Yang terakhir adalah bintang UFC, Anderson Silva, yang juga mengidolakan si Mutiara Putih itu. Orang hebat di arena gebuk-gebukan itu juga bertemu di restoran mewah. Pada akhir pertemuan, Silva meminta tanda tangan Zico. Silva pun kemudian memamerkan pertemuannya itu di Instagram.
Ternyata saya lebih beruntung dibanding mereka sekalipun. Beberapa hari sebelum Piala Dunia dimulai, saya bertemu dengan Zico. Bukan di restoran atau hotel, melainkan di rumahnya, di Barra da Tijuca.
Seorang teman Brasil--yang dekat dengan Zico--menjanjikan saya bisa bertemu dengan sang legenda. Zico adalah pahlawan saya ketika masih kecil. Sebenarnya bukan hanya dia yang menjadi pemain hebat ketika itu.
Ada Grzegorz Lato, pemain asal Polandia, tapi saya kurang suka. Meski jago, pada usianya yang masih muda ketika itu, rambut Lato sudah habis. Kurang sip sebagai bintang. Zico sebaliknya. Sosok pemain ideal buat saya. Tampangnya cakep, bodinya ramping, dan mainnya hebat.
Pada Piala Dunia 1982, saya masih ingat betul ketika dia bersama pemain lainnya, seperti Socrates, memamerkan sepak bola yang kini dijauhi Brasil, yakni bermain dengan indah. Meski akhirnya mereka tersingkir karena kalah oleh Italia.

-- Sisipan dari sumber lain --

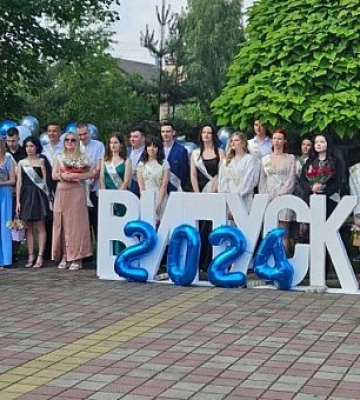 Цього року на Дніпропетровщині більш ніж 17 тисяч випускників-одинадцятикласників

Pada hari yang dijanjikan, saya langsung menyiapkan semuanya. Termasuk spidol hitam. Tapi ternyata pertemuan itu gagal. Zico sibuk, katanya. Barulah keesokan harinya kesempatan itu datang. Tapi wawancara baru bisa dilakukan pada malam hari, selepas Zico sibuk dengan segala urusan Piala Dunia.
Meski mengaku tak sibuk, tempat pembibitan pemain mudanya, atau yang dikenal dengan Centro Futebol do Zico, dipakai menjadi salah satu penggemblengan fisik para wasit yang akan bertugas pada Piala Dunia. Sore harinya, saat bertandang ke sana, saya sempat diusir petugas FIFA yang saya kira agak lebay sikapnya.
Malam harinya, di perumahan mewah di kawasan Barra da Tijuca, Zico pun menerima saya dan kawan-kawan Brasil saya. Rupanya dia sudah menunggu kami, dan dia pun terpaksa celingukan mencari kami yang berada di pojok lain rumahnya yang besar itu. Saking besarnya, sebuah lapangan sepak bola ada di salah satu sudut rumahnya. Kami pun berbincang santai.
Pada akhir pertemuan, Zico membubuhkan tanda tangannya pada kaus kuning khas Brasil pemberiannya. Malam itu, dan beberapa hari setelahnya, saya merasa tak berbeda dengan Robin van Persie, Cannavaro, Silva, dan orang-orang terkenal lainnya.